▶ [TASK TO COMPLETE] Only the lines from the first line of the records through the line containing "Linchylab LC-MS PSA" belong in the answer. Copy them exactly.

▬▬▬▬▬▬

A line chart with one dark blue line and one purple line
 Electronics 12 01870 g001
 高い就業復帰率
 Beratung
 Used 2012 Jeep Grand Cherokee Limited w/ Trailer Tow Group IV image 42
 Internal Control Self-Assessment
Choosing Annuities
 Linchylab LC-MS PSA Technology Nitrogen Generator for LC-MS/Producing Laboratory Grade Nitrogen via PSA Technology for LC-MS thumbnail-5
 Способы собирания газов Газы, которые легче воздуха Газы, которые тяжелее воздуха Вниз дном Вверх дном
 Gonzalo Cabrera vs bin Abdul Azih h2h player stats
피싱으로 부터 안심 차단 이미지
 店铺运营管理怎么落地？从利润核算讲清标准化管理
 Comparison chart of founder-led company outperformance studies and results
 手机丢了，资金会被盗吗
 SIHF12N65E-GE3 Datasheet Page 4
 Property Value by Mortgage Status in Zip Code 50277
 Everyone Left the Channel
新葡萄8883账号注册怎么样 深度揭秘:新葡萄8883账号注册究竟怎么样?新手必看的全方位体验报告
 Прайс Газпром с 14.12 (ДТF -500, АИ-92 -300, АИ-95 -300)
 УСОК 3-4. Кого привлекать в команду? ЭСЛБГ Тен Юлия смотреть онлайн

▬▬▬▬▬▬

▶ [ANSWER TO THE PROBLEM]
A line chart with one dark blue line and one purple line
 Electronics 12 01870 g001
 高い就業復帰率
 Beratung
 Used 2012 Jeep Grand Cherokee Limited w/ Trailer Tow Group IV image 42
 Internal Control Self-Assessment
Choosing Annuities
 Linchylab LC-MS PSA Technology Nitrogen Generator for LC-MS/Producing Laboratory Grade Nitrogen via PSA Technology for LC-MS thumbnail-5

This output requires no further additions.